> _Task instructions_
Please print exactly the lines from the line containing "Balzac petite tailleuse - balzac, la" through the end of the data, no more, and keep pictures out of the copy.
** Opening Dataset records block **
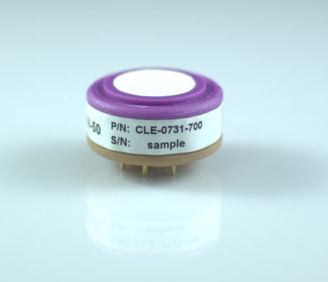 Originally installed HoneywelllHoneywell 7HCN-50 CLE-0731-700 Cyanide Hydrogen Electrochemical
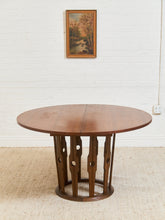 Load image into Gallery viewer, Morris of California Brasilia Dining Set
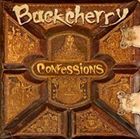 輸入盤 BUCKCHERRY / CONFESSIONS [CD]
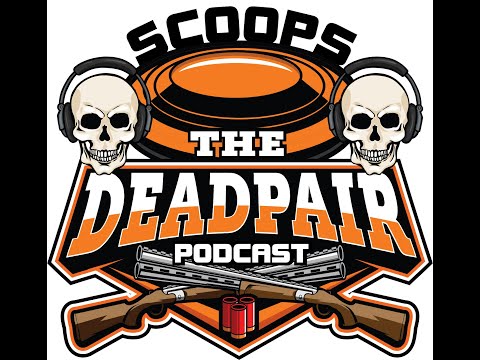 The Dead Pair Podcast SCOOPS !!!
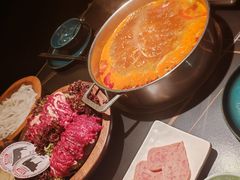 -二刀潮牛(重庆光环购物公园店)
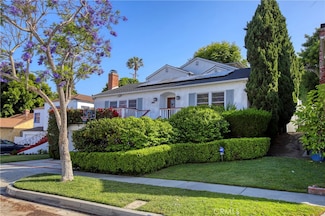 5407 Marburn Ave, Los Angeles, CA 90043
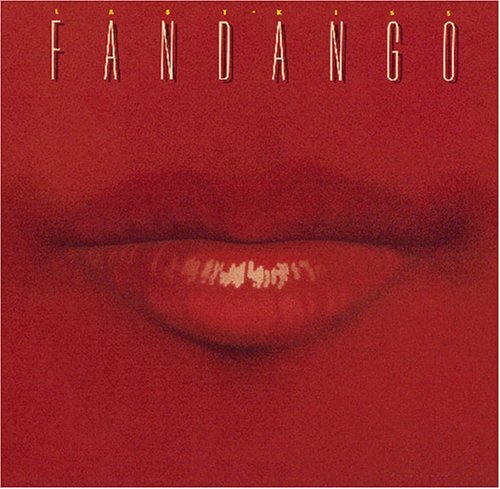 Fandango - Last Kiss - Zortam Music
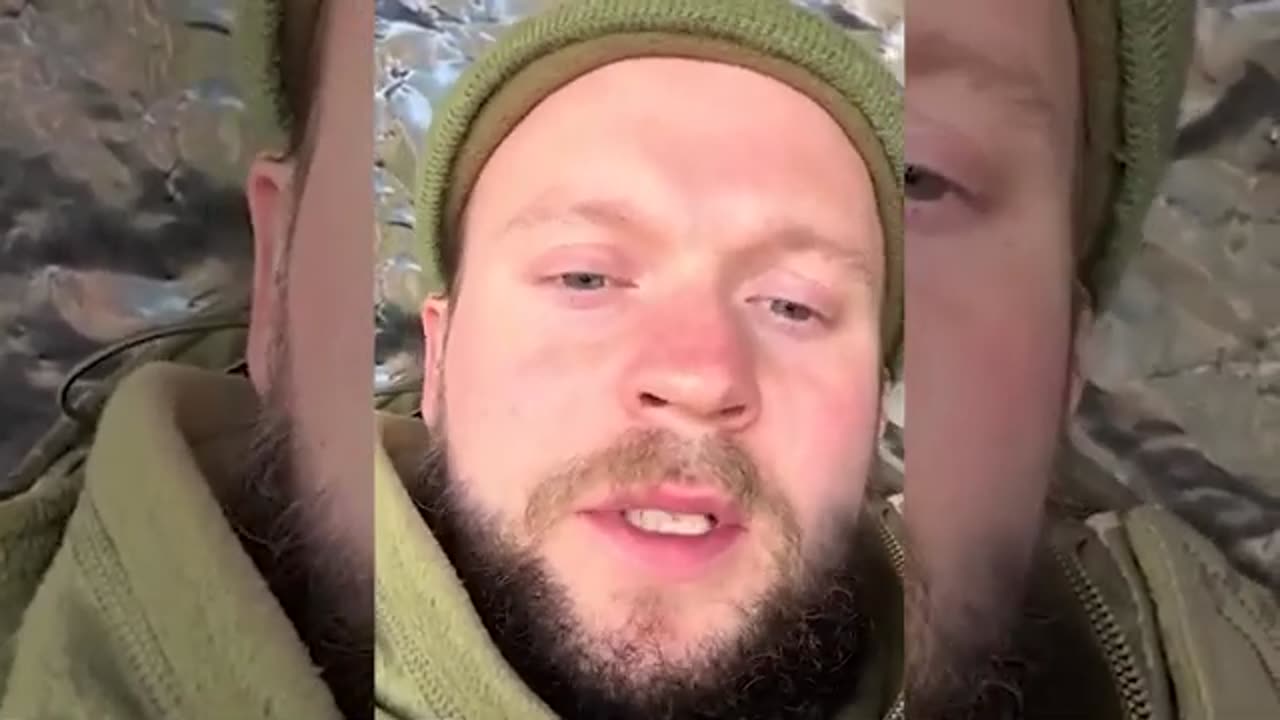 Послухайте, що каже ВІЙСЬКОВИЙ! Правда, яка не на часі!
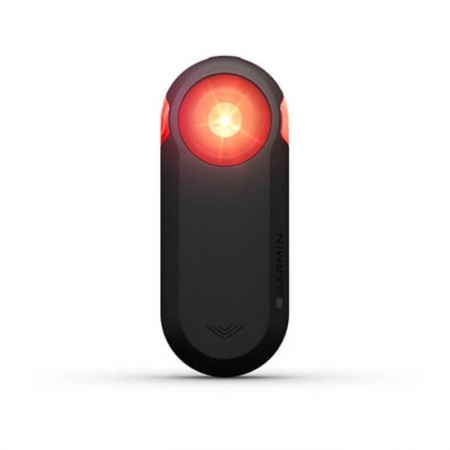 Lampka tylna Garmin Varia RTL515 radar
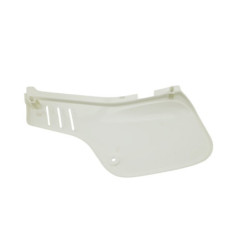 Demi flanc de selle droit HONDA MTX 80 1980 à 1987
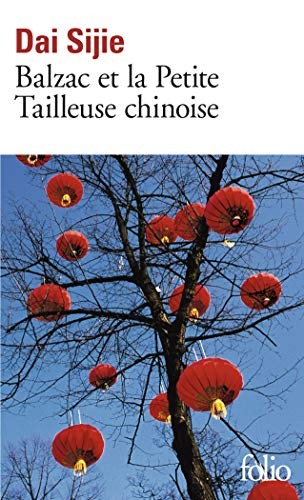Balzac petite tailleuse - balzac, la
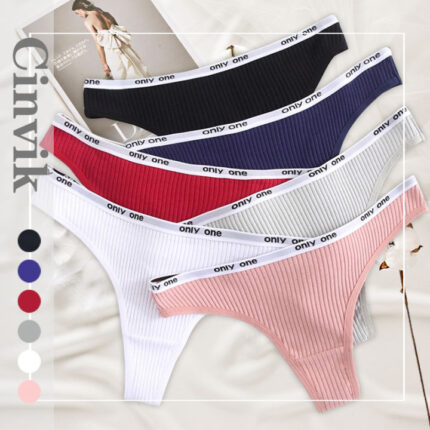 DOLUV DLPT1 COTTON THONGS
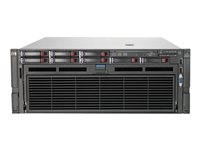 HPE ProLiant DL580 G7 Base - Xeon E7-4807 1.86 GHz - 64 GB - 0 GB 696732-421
** Closing Dataset records block **
> _The completed task_
Balzac petite tailleuse - balzac, la
 DOLUV DLPT1 COTTON THONGS
 HPE ProLiant DL580 G7 Base - Xeon E7-4807 1.86 GHz - 64 GB - 0 GB 696732-421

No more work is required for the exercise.